Ende August 2019 bestätigte der Bundesrat in einer Medienmitteilung die bisherigen Gerüchte und erklärte, dass er auf das neue Mediengesetz verzichten und stattdessen das RTVG punktuell mit einem Massnahmenpaket anpassen wolle. Demnach sollten neu auch Onlineportale einen Teil der Radio- und Fernsehabgabe (insgesamt CHF 50 Mio. pro Jahr) erhalten, sofern sie kostenpflichtig seien. Dies betreffe – im Unterschied zum vorherigen Gesetzesvorschlag – nicht nur audio- und audiovisuelle, sondern auch textlastige Beiträge.
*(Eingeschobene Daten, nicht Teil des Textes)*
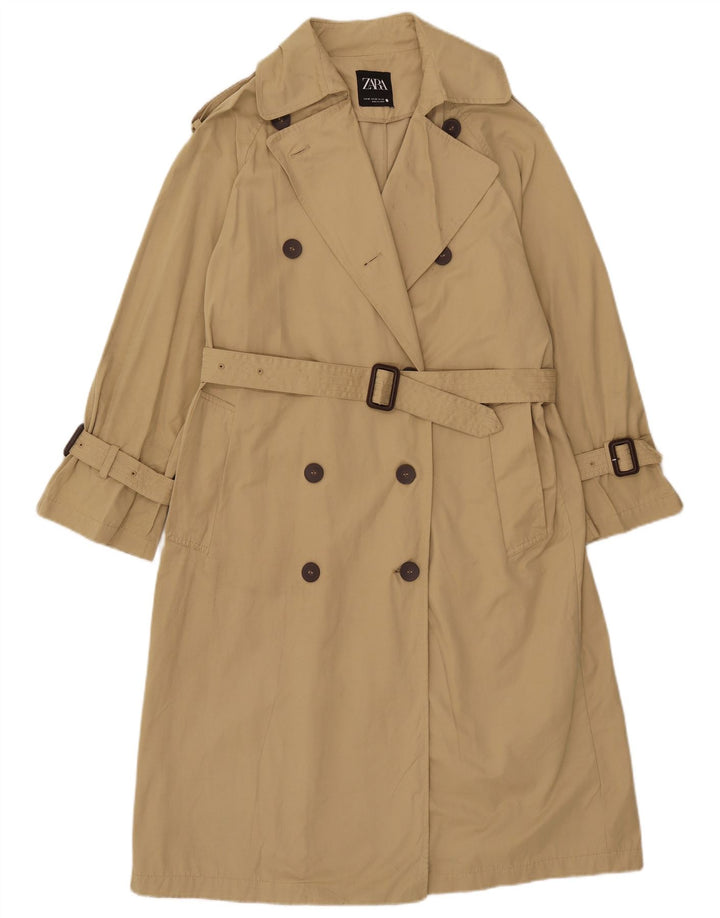Zara Femme Trench Oversize UK 6 XS Beige Polyester
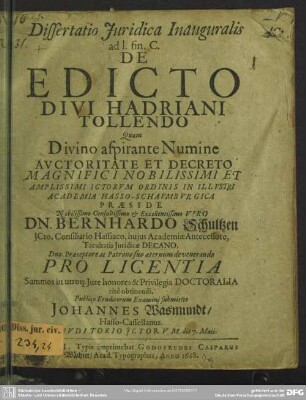 Dissertatio juridica ad l fin. C. de edicto divi Hadriani tollendo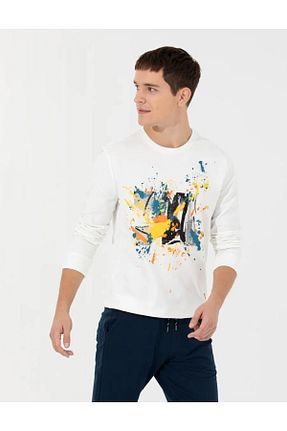سوئیشرت سفید مردانه چاپی Pierre Cardin - کد 871758394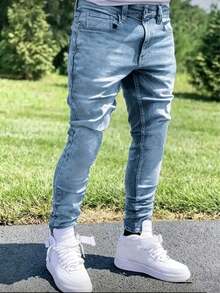 1pc YK2 Plus Size Men's Slim Fit Skinny Jeans Streetwear - Light Wash - View 1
Zudem solle die indirekte Presseförderung, konkret also die finanzielle Unterstützung der Postzustellung, auf zusätzliche Titel ausgeweitet und erhöht werden – jedoch nur auf CHF 50 Mio. statt auf CHF 120 Mio., wie von den Verlagen gefordert worden war. Der VSM kritisierte die Unterstützung in der Folge auch als zu niedrig. Aus dem Bundesgesetz über elektronische Medien übernommen werden solle die Förderung von Presseagenturen, Weiterbildungen und IT-Projekten.
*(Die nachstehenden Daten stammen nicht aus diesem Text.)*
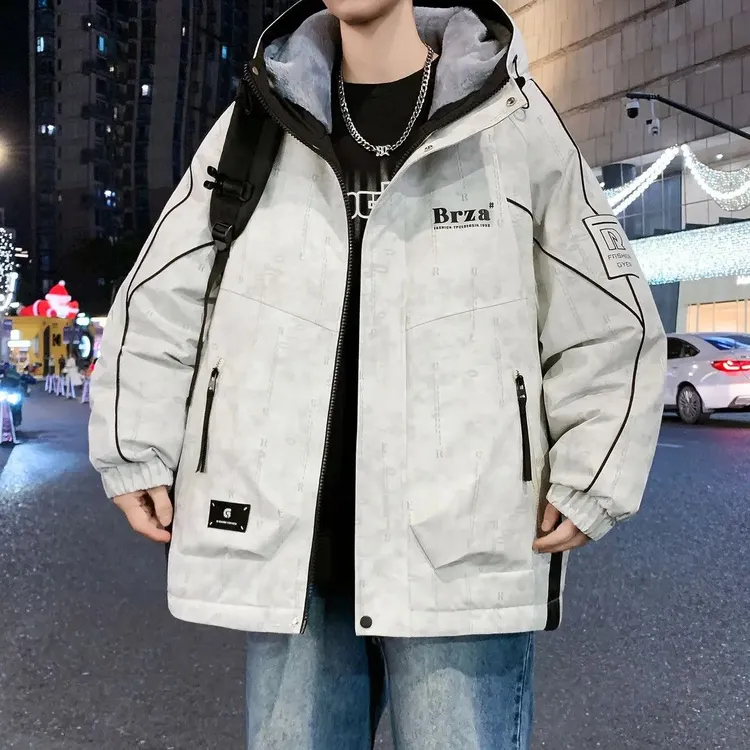 2025冬季青少年加绒加厚夹克宽松潮流百搭男生港风学生休闲帅外套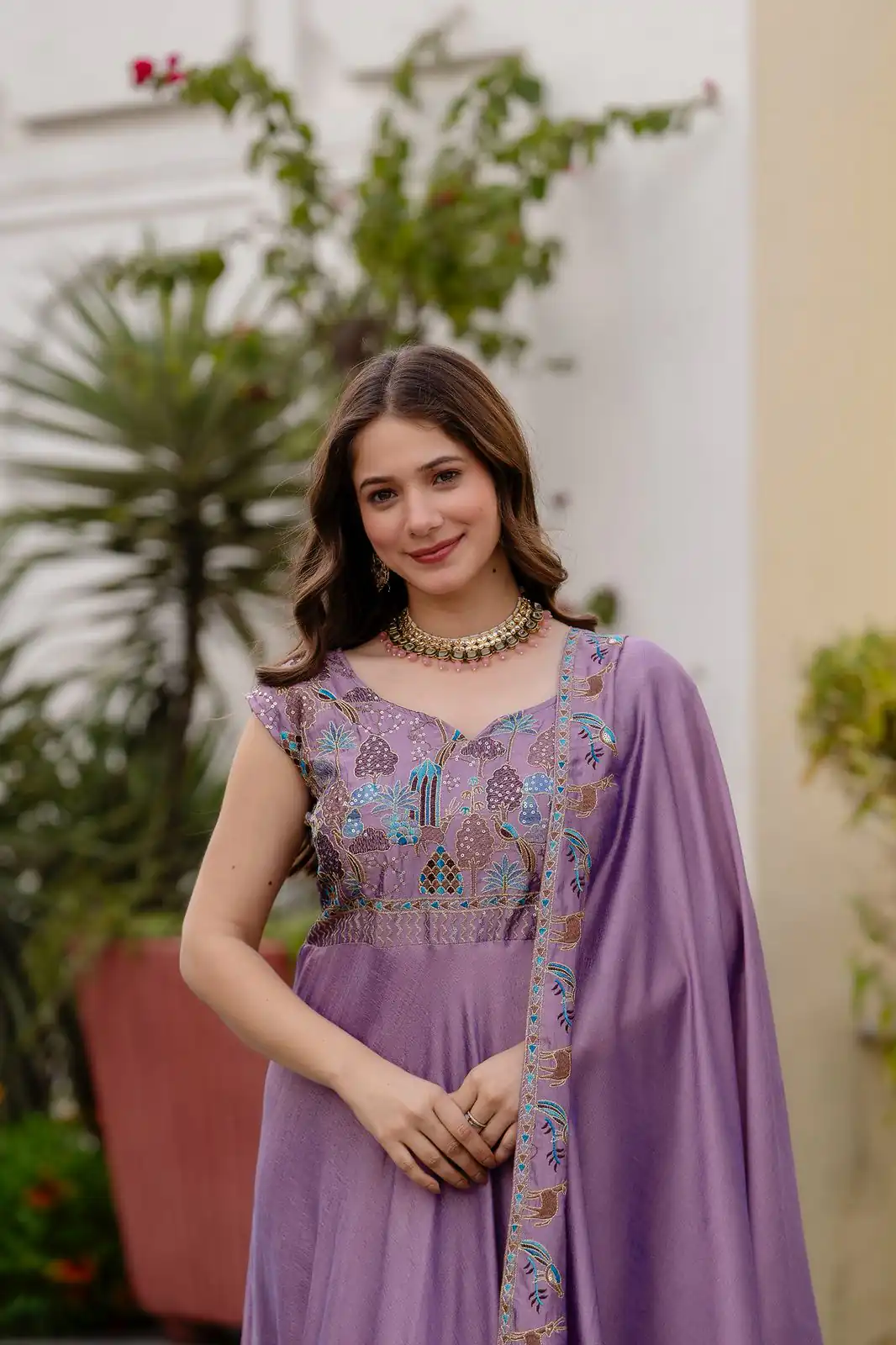 RR 39 Rust Lavender Silk Gown Perfect for Wedding, Party, Holi, Anniversary, Mehendi –. Grab it for ₹2149. Delivery 4-6 Working Days. Shop now. | Bollywood Gowns, Creative Gowns, Designer Gowns, Embroidered Gowns, Gowns, Party Wear Gowns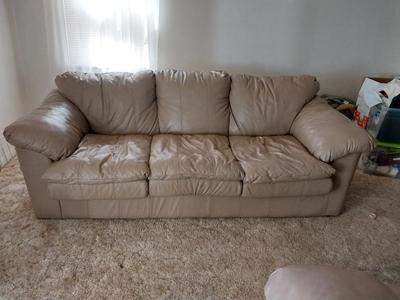 LEATHER LIKE TAN SOFA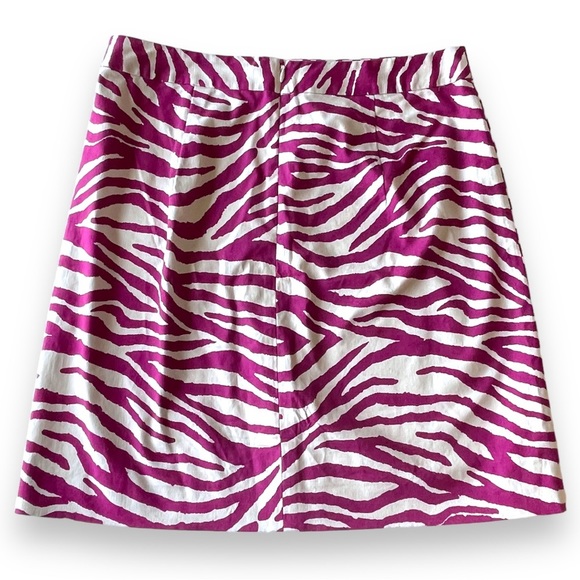 NWOT DKNY Zebra Stripped Raspberry & Cream Light Skirt Size 4 - Picture 3 of 10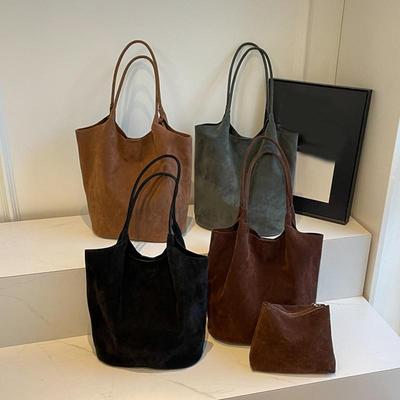 Wildleder Nähgarn Retro Damen Umhängetaschen Lässig Vielseitig Einfarbig Handtasche Tote mit hoher Kapazität CLE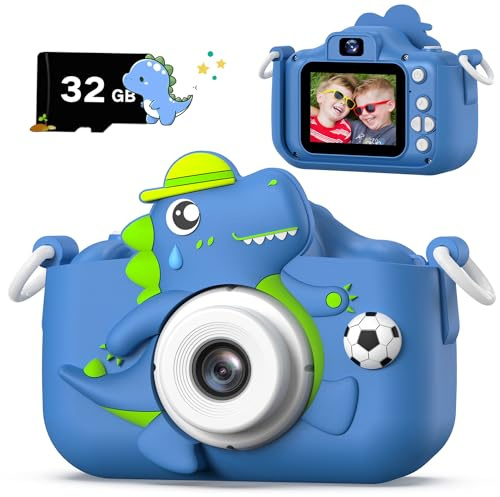 Macchina Fotografica Bambini, 2.0 Pollici Schermo HD 1080P Dinosauri Fotocamera Digitale Bambina per Ragazze Ragazzi, con Scheda 32GB, 3 4 5 6 7 8 9 10 1112 anni Regali Giocattolo di Natale Compleanno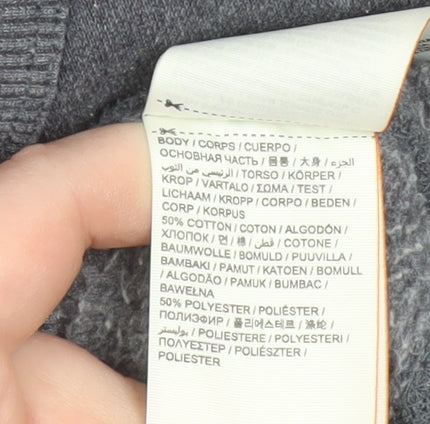 Superdry Men’s Grey XL Pullover Hoodie with Logo Print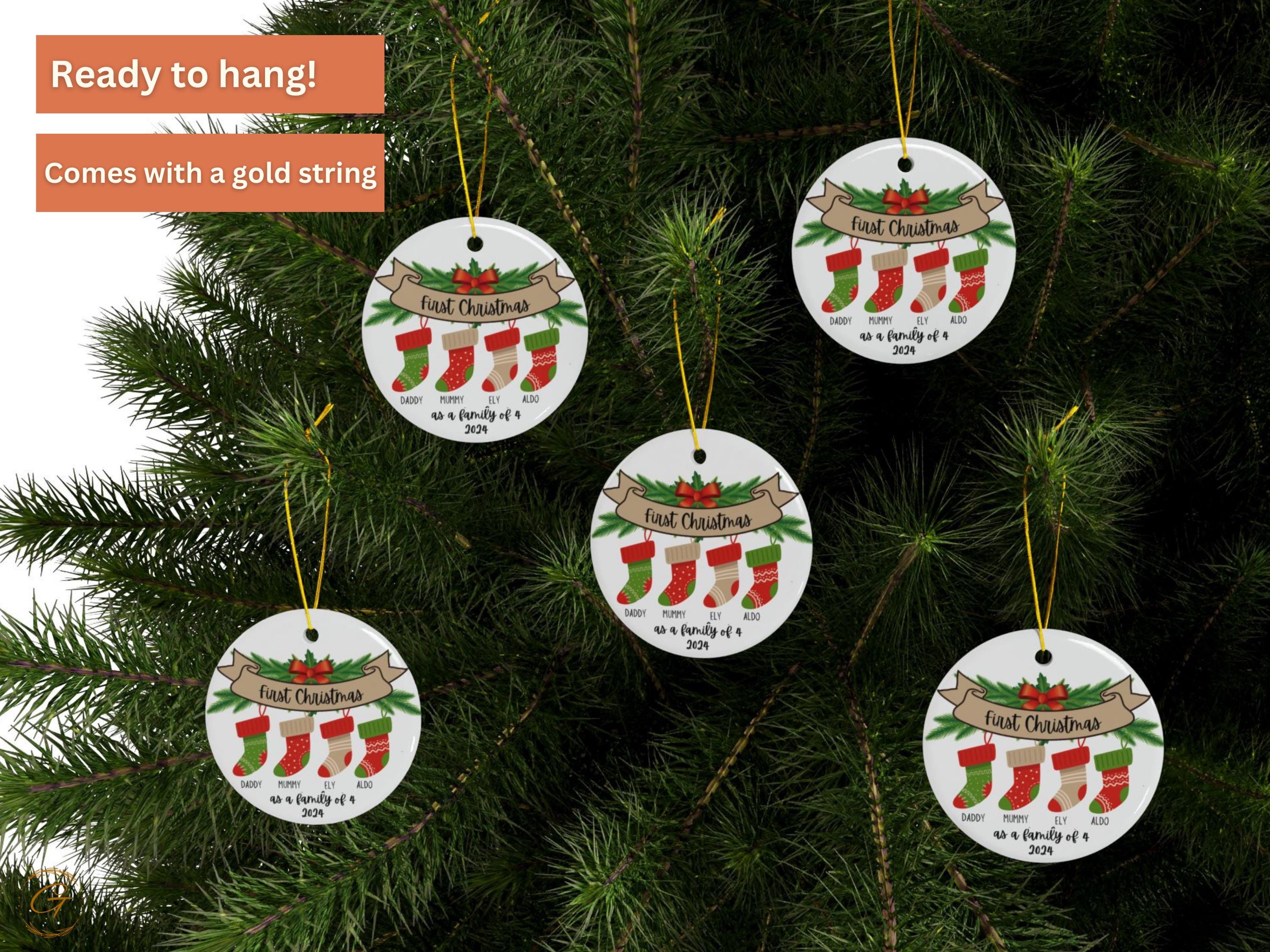 First Christmas Family of 4 Ornament | Personalized Stocking Ornament | Holiday Decor & Christmas Gift 2024 | Unique Gift for Stockings 2024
Auch dieses Projekt erntete jedoch Kritik: Christian Wasserfallen (fdp, BE) etwa befürchtete gegenüber den Medien, dass nun auch die Onlinemedien an den «Staatstropf» gehängt werden sollten, Gregor Rutz (svp, ZH) kritisierte, dass durch die Unterstützung der Onlinemedien die Konkurrenz für die Printmedien sogar noch künstlich verstärkt werde. Die NZZ fragte sich überdies auch bei diesen Massnahmen, ob der Bund wirklich über die Kompetenz zur Regulierung und Förderung der Onlinemedien verfüge. Diesbezüglich bestehe ein Dissens in der juristischen Lehre. Die Präsidentin der KVF-NR, Edith Graf-Litscher (sp, TG), begrüsste hingegen die kurzfristigen Massnahmen.
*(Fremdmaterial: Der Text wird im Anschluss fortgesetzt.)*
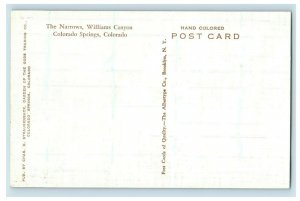 C.1910 The Narrows Williams Canyon Colorado Springs Hand Colored Postcard F63 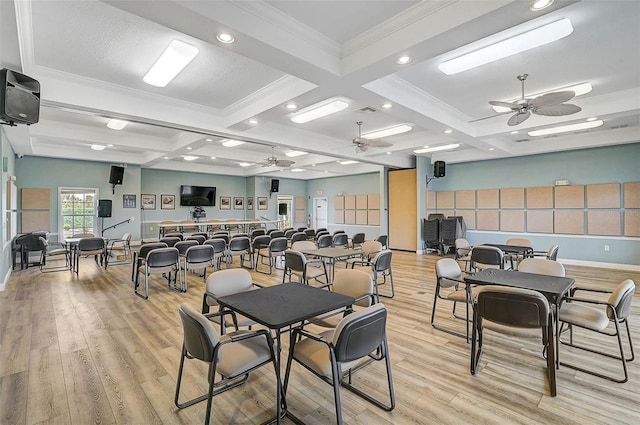 dining area featuring coffered ceiling, ceiling fan, light wood-style floors, beamed ceiling, and recessed lighting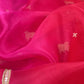 Deep Pink Pure Chiniya Silk Kurta And Kora Silk Dupatta With Handwork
Geplantes Bundesgesetz über elektronische Medien scheitert
Dossier: Diskussionen zur Förderung von Online-Medien

Vier gleichlautende und Ende 2018 im Nationalrat eingereichte parlamentarische Initiativen wurden im September 2019 durch die KVF-NR behandelt. Die Initianten Aebischer (sp, BE; Pa. Iv. 18.470), Guhl (bdp, AG; 18.471), Feller (fdp, VD; 18.472) und Grossen (glp, BE; 18.474) zielten auf eine Anpassung von Artikel 93 der Bundesverfassung, der neu zu einem «Medienartikel» werden sollte. Dazu sollte BV Art. 93, der bisher dem Radio und Fernsehen gegolten hatte, abstrahiert und für die Medien generell formuliert werden; wie auch die Titel der Initiativen, «Medien in die Bundesverfassung», bereits ankündigten.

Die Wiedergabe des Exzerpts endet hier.